LEEDS — More than 1,500 farmers, vendors and visitors came to the Barker Farm on Friday to see what real farm life is like.

“It’s real animals. People are actually making a living out of it. It’s not the pretty picture people usually think of. It’s reality,” said Larry Thornburg,  a beef cow farmer from Richmond and a member of the Maine Farm Days Committee. 

Jane Heikkinen of the Androscoggin Valley Soil and Water Conservation District, one of the sponsors of this year’s Maine Farm Days, said unlike Maine’s Open Farm Day, which allows people to visit many farms across the state each summer, this two-day event, which continues Saturday, concentrates on only one working farm.

“It focuses on one farm that has usually been given awards for excellence,” Heikkinen explained. The farm that is selected is usually located in the central Maine area for convenience. This is the second year that the five-generation Barker Farm in Androscoggin County has been selected to host the longtime event.

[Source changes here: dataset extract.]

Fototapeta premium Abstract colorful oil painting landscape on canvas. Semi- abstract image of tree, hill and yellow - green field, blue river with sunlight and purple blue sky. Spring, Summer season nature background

A large number of agricultural exhibitors are on hand to display their products and production practices, and tools from tractors to balers. A farmers’ market is available to buy fresh Maine produce, and a tent has been set up for children’s events, including hands-on educational activities. Other activities include equipment demonstrations, a skid steer rodeo, forage harvest trails, a craft tent, chicken barbecue, food concessions and even a Maine Dairy Princess Scholarship pageant.

A wagon, pulled by a Belgian horse, will offer a tour of the fields to show the type of conservation work a farm needs to stay operating. The tour is hosted by the Natural Resources Conservation Service.

The event  generally draws hundreds of vendors from Maine and other states, farmers and the general public.

“A farmer who we bought our cow from told us about this,” said Sherri Shaw Davidson of Lovell, who was watching a milking contest with her 4-year-old grandson Peyton and husband Don. “This is our very first time.”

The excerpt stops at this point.